→ **SUPPLIED INFORMATION**
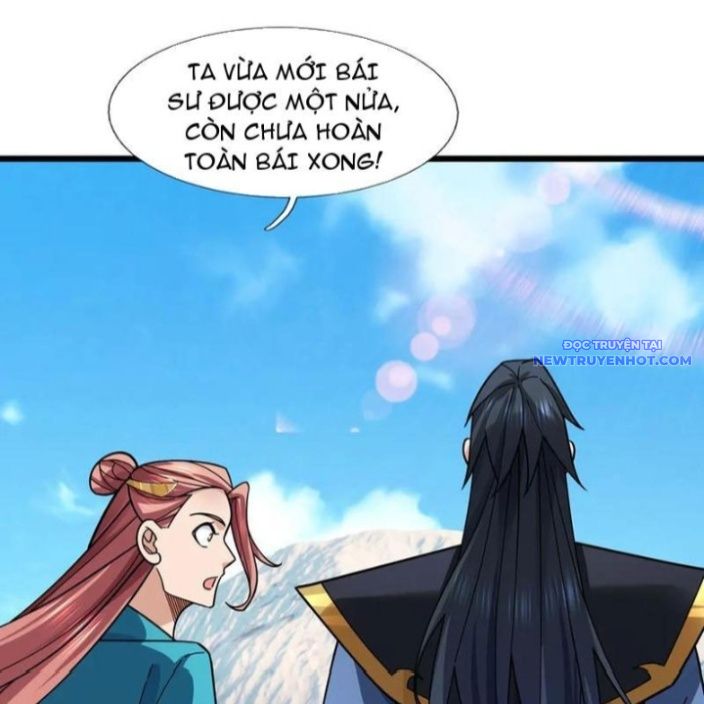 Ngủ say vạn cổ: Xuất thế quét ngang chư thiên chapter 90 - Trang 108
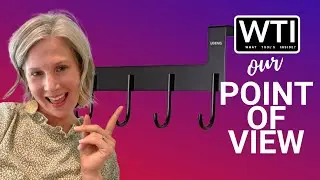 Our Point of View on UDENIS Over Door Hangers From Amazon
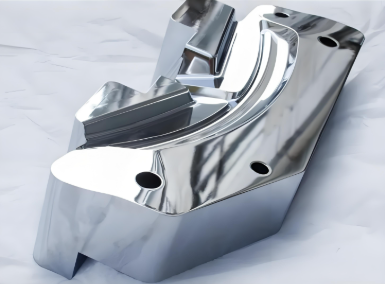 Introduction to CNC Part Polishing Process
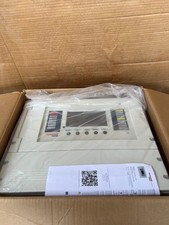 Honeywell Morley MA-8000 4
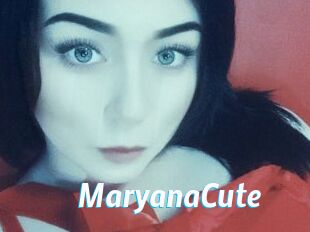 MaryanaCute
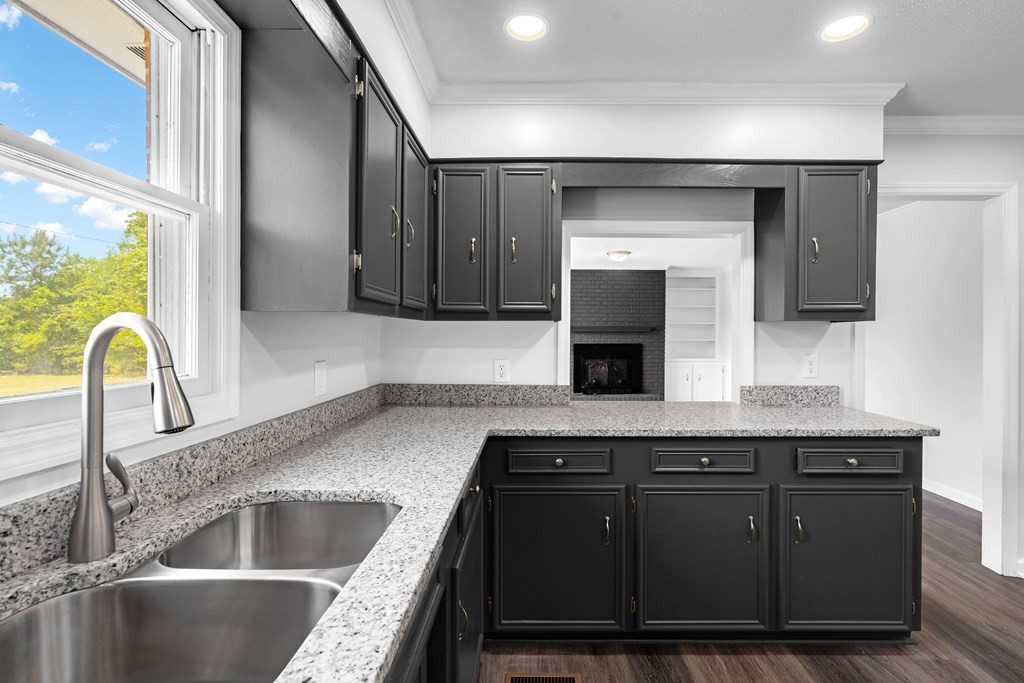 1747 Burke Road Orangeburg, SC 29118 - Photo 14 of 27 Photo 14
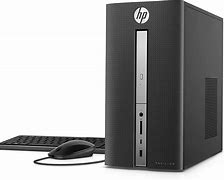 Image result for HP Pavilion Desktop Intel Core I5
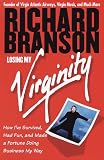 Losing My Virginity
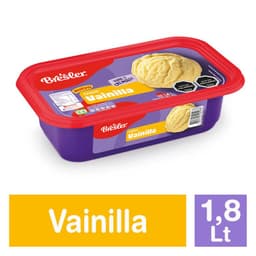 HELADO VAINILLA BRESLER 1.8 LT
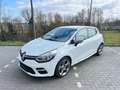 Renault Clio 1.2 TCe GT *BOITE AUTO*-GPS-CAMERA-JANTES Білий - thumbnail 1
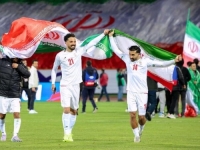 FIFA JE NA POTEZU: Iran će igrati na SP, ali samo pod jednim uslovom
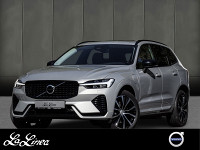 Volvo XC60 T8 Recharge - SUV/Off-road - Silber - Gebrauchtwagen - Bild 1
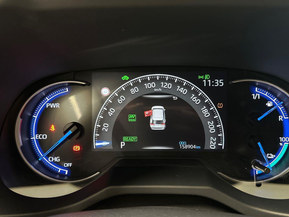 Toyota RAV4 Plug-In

--

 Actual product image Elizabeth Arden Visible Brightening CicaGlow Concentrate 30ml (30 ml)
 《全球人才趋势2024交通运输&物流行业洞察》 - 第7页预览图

→ **EXERCISE BRIEF**
The result should be an exact copy of only the lines above from the one that holds "Our Point of" through the one that holds "FIFA JE NA POTEZU: Iran", both ends included, without pictures.

→ **SOLUTION**
 Our Point of View on UDENIS Over Door Hangers From Amazon
 Introduction to CNC Part Polishing Process
 Honeywell Morley MA-8000 4
 MaryanaCute
 1747 Burke Road Orangeburg, SC 29118 - Photo 14 of 27 Photo 14
 Image result for HP Pavilion Desktop Intel Core I5
 Losing My Virginity
 HELADO VAINILLA BRESLER 1.8 LT
 Renault Clio 1.2 TCe GT *BOITE AUTO*-GPS-CAMERA-JANTES Білий - thumbnail 1
 FIFA JE NA POTEZU: Iran će igrati na SP, ali samo pod jednim uslovom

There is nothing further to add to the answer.